According to Article 1, Section 10 of the S.C. Constitution (emphasis added):
“The right of the people to be secure in their persons, houses, papers, and effects against unreasonable searches and seizures and unreasonable invasions of privacy shall not be violated…”
According to Planned Parenthood, the new lawsuit asks “a state trial court to block the [fetal heartbeat] law on the grounds that it violates South Carolinians’ constitutional rights to privacy and equal protection by banning abortion, by providing inadequate protections for patients’ health, and by conditioning sexual assault survivors’ access to abortion on the disclosure of their personal information to law enforcement.”
In a statement, the organization added, “While Senate Bill 1 remains in effect, South Carolinians who need care past the earliest stages of pregnancy will be forced to travel out of state, seek abortion outside the health care system, or continue pregnancies against their will.”

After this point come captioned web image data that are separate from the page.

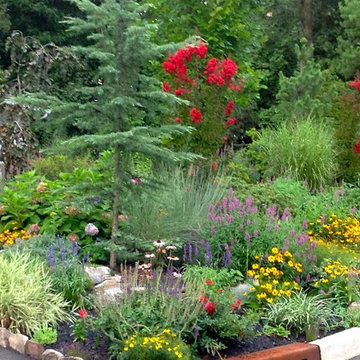 Eclectic Garden in Englewood Cliffs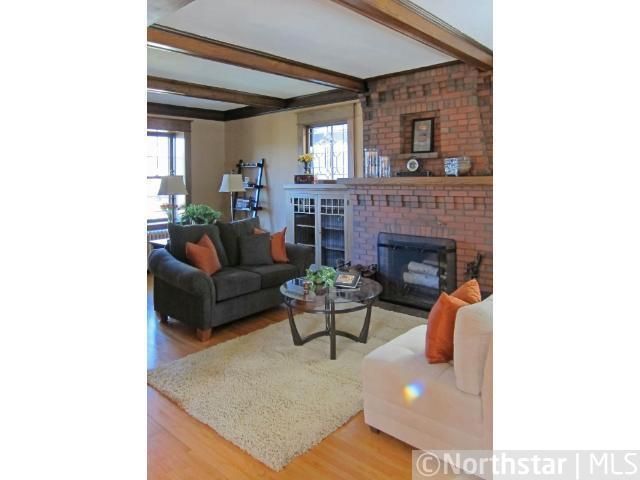 1065 Lincoln Ave, Saint Paul, MN 55105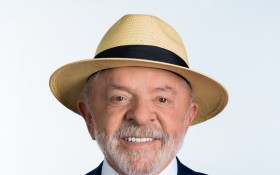 Lula resolve posar de chap&eacute;u para urna e aliados temem problemas
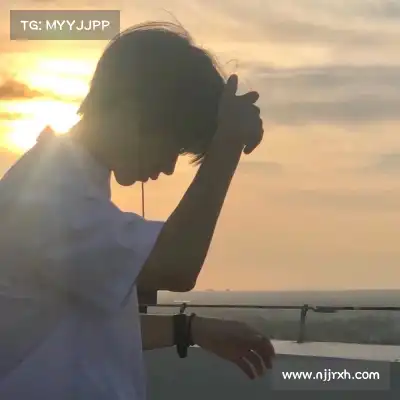 祁里舰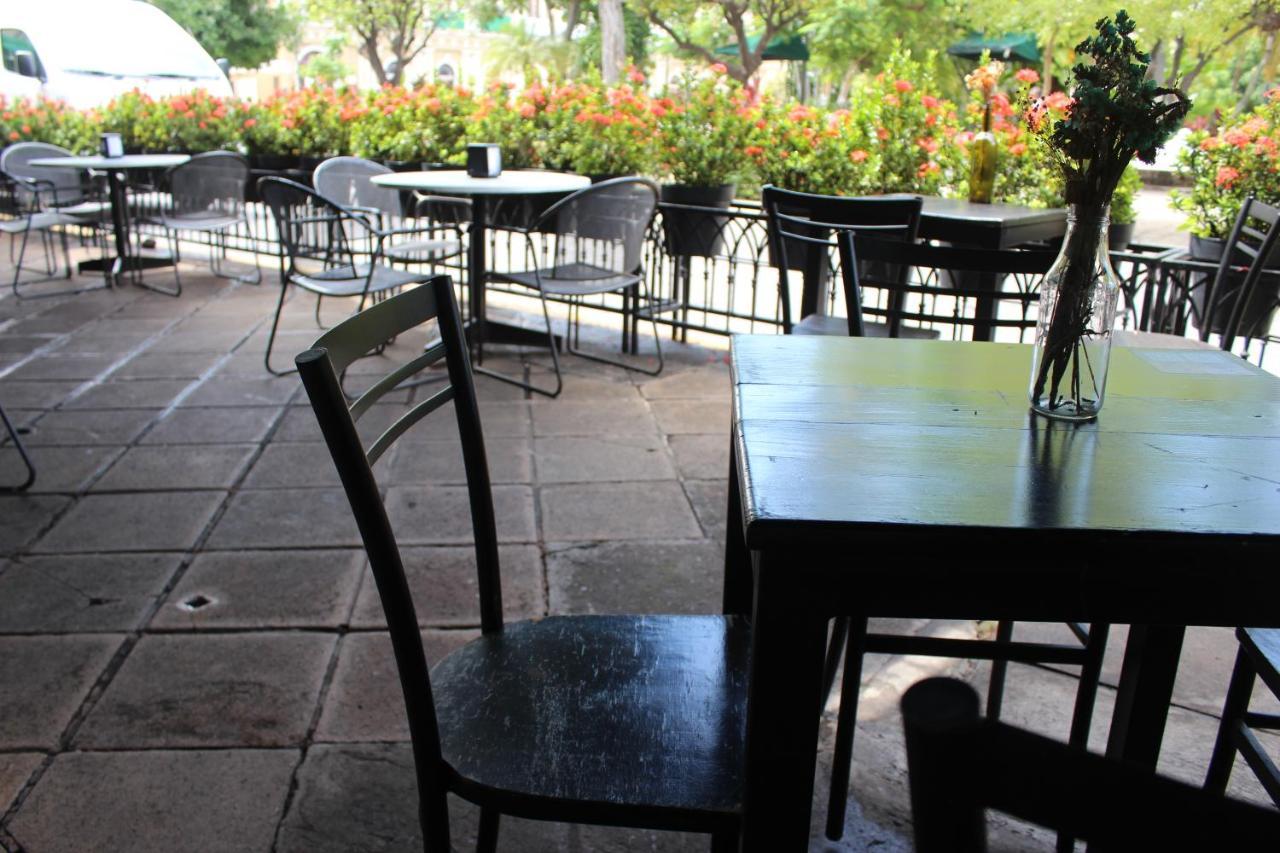 Hotel Concierge Plaza קולימה מראה חיצוני תמונה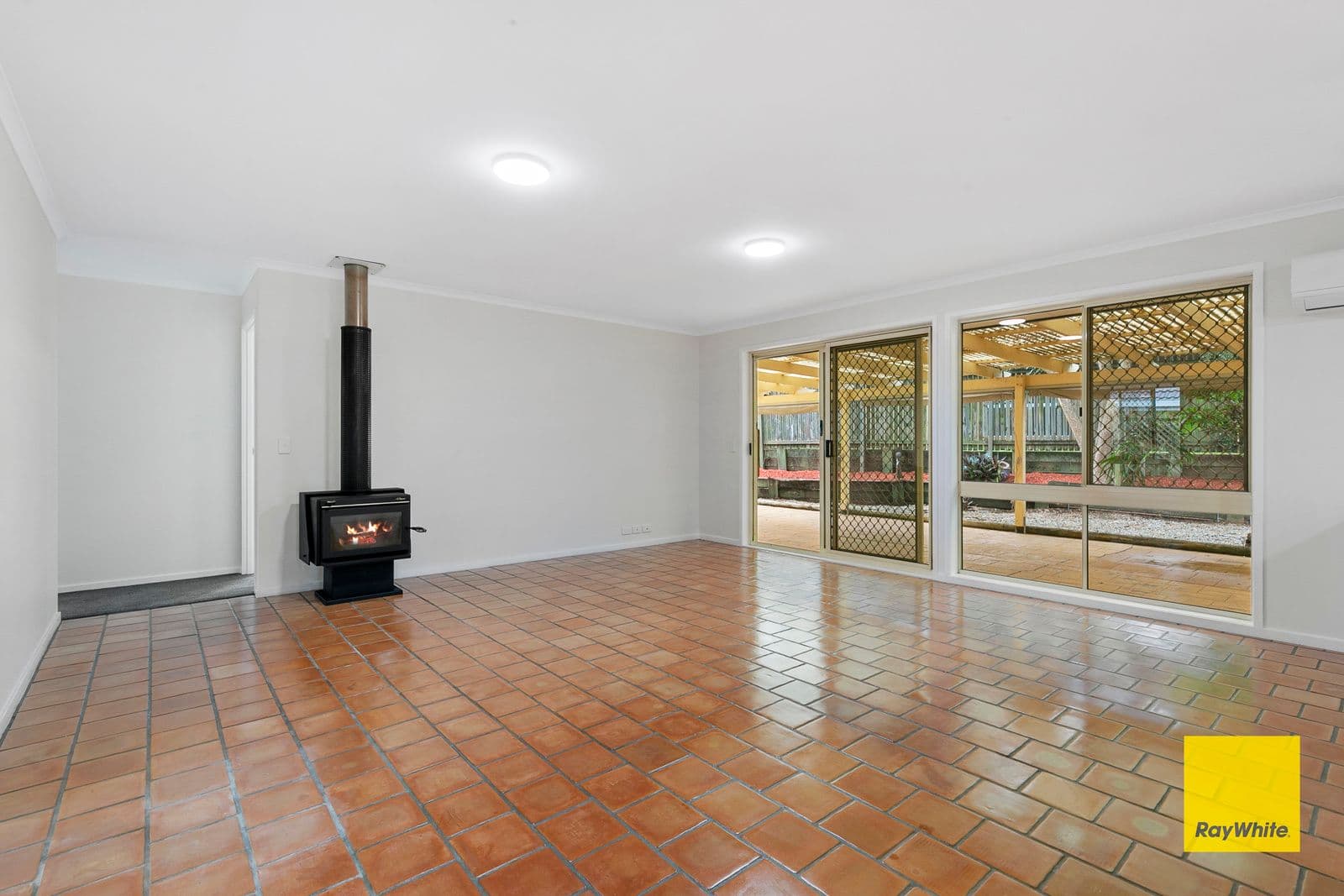 12 Edwardson Court, Birkdale QLD 4159, Birkdale - Thumbnail 5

Jenny Black, president and CEO of Planned Parenthood South Atlantic, characterized the law as something that “cruelly denies South Carolinians the power to make their own personal medical decisions. This fight is not new to us, and we know what’s at stake: Without court intervention, South Carolinians will continue to suffer in a state with dangerously high rates of maternal mortality and infant mortality, particularly among Black women and babies. We urgently need this court to reject Senate Bill 1 for what it is: a direct assault on our health care, our lives, and fundamental human rights.”
Reactions to the lawsuit
McMaster spokesman Brian Symmes today said the governor was confident the new law is “constitutionally sound and will prevail in court, and he will defend it every step of the way – just like he’s done in federal court.”
S.C. Attorney General Alan Wilson’s spokesman, Robert Kittle, said, “We expected this lawsuit and are prepared to defend the state’s laws.”
State Sen. Larry Grooms, the Berkeley County Republican who was lead sponsor of Senate Bill 1, told Statehouse Report, that Planned Parenthood’s lawsuit was not a surprise.
“As red and blue legislatures are now busy working on ways to tighten or expand abortion access, it should come as no surprise that state courts are now being called upon to redraw certain battle lines,” he said. “S.C. Planned Parenthood’s actions were expected and I suspect that it may take some time before the final dust is settled.”
Hutto agreed, noting that it could take a year or two for the case to be decided. In the interim, it’s a real possibility that a state court might issue an injunction on the state’s current fetal heartbeat law limiting abortion for the same reason that the federal court did – the question of the constitutional right to privacy, but this time, the one explicitly written in the state constitution.
“In my mind, it you’re going to cover anything [with a right to privacy], it ought to cover people’s bodies, but that’s why we have judges,” Hutto said.
Former Democratic Congressman Joe Cunningham said McMaster, his opponent in the fall election, had the most extreme position on abortion in the country.
“He has openly said he wants a total abortion ban with no exceptions for rape, incest or life of the mother. He has even expressed support for charging women and doctors with crimes for seeking an abortion.
“The fetal heartbeat bill is simply a backdoor ban which would require women to get an abortion before they even know they are pregnant. It’s a violation of a woman’s constitutional right to privacy and government overreach at its worst. When I’m governor, I will trust women to make their own healthcare choices and get politicians out of these extremely personal and private medical decisions.”
The S.C. Republican Party did not respond to a request for comment, but S.C. Democratic Party Chairman Trav Robertson said, “Henry McMaster and his Republican Party care more about the rights of rapists and child molestors than the victims of those horrendous crimes. Henry McMaster is focused on destroying the medical freedoms of women and sending doctors to jail.”